Vi chiedo di alzare la voce quando vedete la violenza, anche quando viene da chi pensate sia dalla vostra parte. Perché la violenza non ha parte. È solo violenza.

Vi chiedo di ricordare che lo sport esiste per unirci, non per dividerci. Che una partita di calcio dovrebbe essere un'occasione di gioia, non di guerra.

E vi chiedo di credere—come credo io—che possiamo fare meglio. Dobbiamo fare meglio.


Riflessione Finale

Mentre scrivo queste parole, penso a Elisa Dossi al pronto soccorso . Penso al giornalista con il trauma cranico. Penso al carabiniere ferito. E penso a tutti quei tifosi che volevano solo vedere una partita e si sono ritrovati in mezzo a una guerra.

La violenza è nemica dello sport perché è nemica di tutto ciò che ci rende umani. È nemica della ragione, del dialogo, della possibilità stessa di trovare un terreno comune.

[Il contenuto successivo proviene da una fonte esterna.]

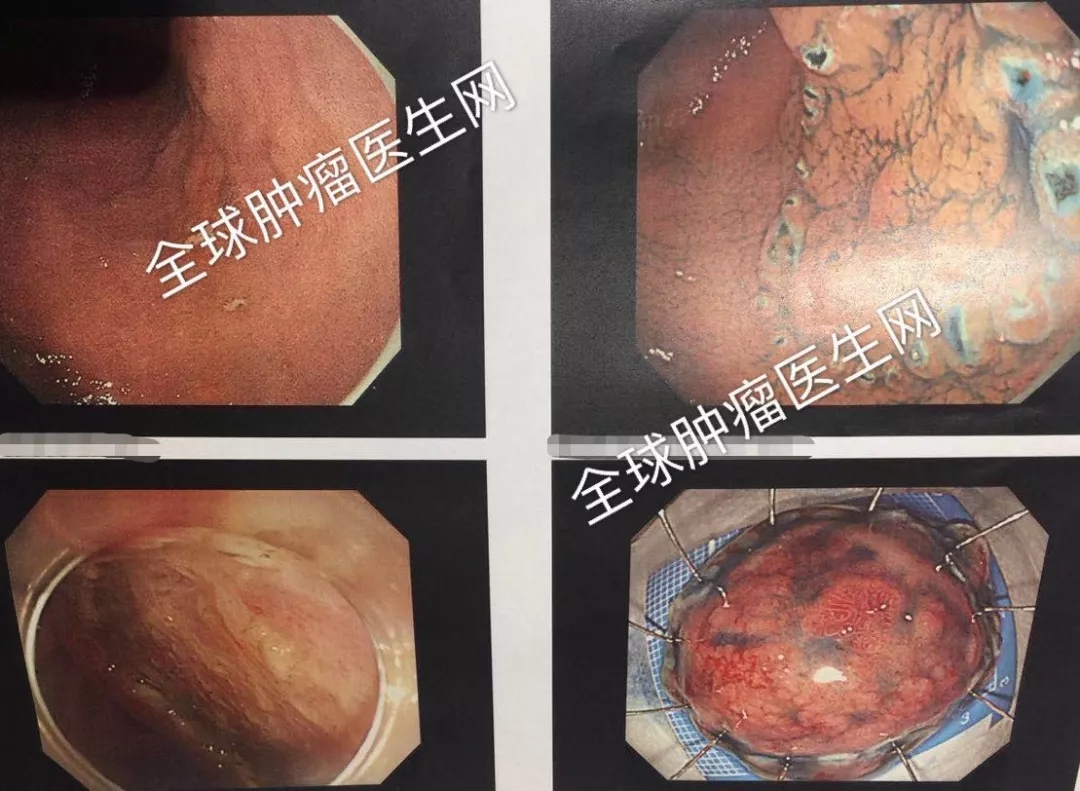 亚洲排名第一,全球排名第二,胃癌5年生存率高达80％的医院,为啥这么牛!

Quella sera a Udine abbiamo perso qualcosa di prezioso. Abbiamo perso la capacità di credere che lo sport possa essere un momento di tregua, un'oasi di normalità in un mondo già troppo diviso.

Ma non è troppo tardi per riprenderci quello che abbiamo perso. Non è troppo tardi per dire basta. Per scegliere la pace invece della guerra, il dialogo invece delle transenne, le parole invece delle pietre.

Forza Italia. Non come slogan politico, ma come grido di speranza. Come promessa che possiamo essere migliori di quello che siamo stati quella notte.

Perché lo sport merita di più. E anche noi.